Gallery Affiliations: Bridgette Mayer Gallery

Region:

Over the years, I have refined a kind of abstract painting, which has allowed me to concentrate on the issues I consider most important: the rigorous pursuit of an idea, a tactile presence and the articulation between parts on the plane. I begin by introducing complex linear material gathered from various sources, which I then gradually order by focusing most attention on the areas between the lines. Day by day a balance as well as a tension between the elements begins to emerge and all the forms become interdependent parts of a whole. For me, this process is generally reductive, that is, I seek the essential forms that lie buried in the random collection of gathered material. However, in that process, I have resisted simplification as the only guiding principle, rather, I seek a more complex configuration between parts. Ultimately I find the most satisfaction crafting a highly refined tactile surface.

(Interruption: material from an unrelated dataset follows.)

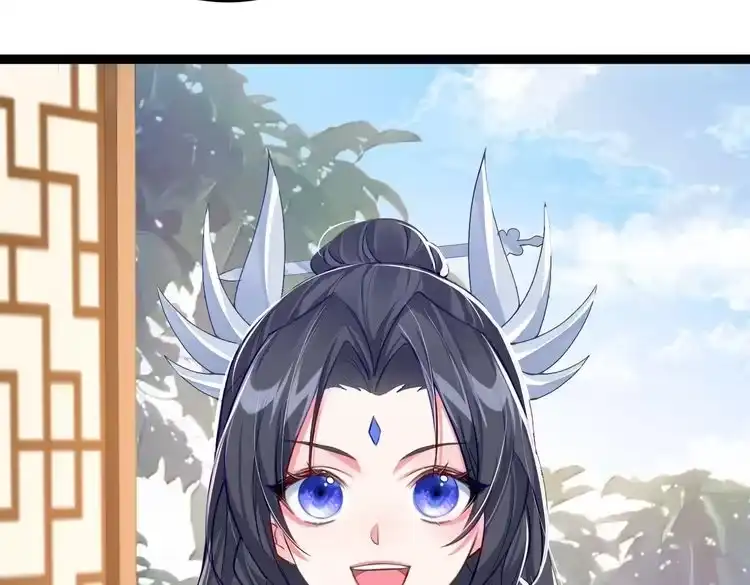 《仙界第一卧底》第2话 红莲魔尊！ 第10页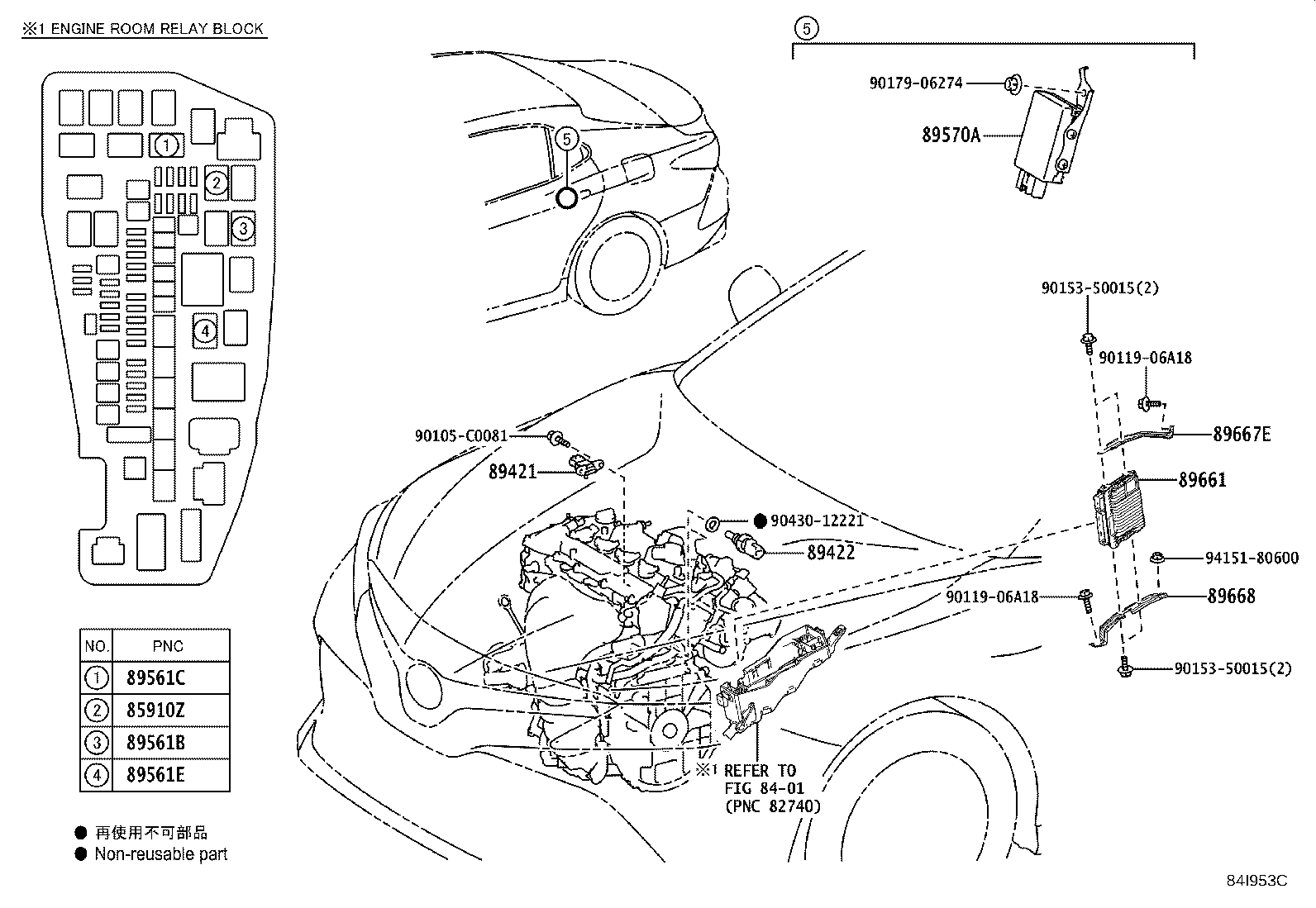 89661-06Z40 COMPUTER, ENGINE CONTROL product image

In my work color and texture are structural not decorative. Both are used to compress and order the overlapping structure of the plane. The areas between the thinly painted lines are more heavily textured and precisely colored so that they will become more physically present as they define the edges of the lines. I like to think of this organization as the architecture of the surface.

As must be apparent there are no references here to events beyond the work itself, no biography and no narrative. The viewer is presented with the physical fact of a painted object. The feeling expressed is for the beauty of figure and ground coming together, the interlocking layers of linear elements fixed in position and ultimately, the physical presence of the colored surface. Kenneth Baker, art critic of San Francisco Chronicle, says, when writing about my work, "Painting can bring us back to where we stand, recalling us to the present tense of existence."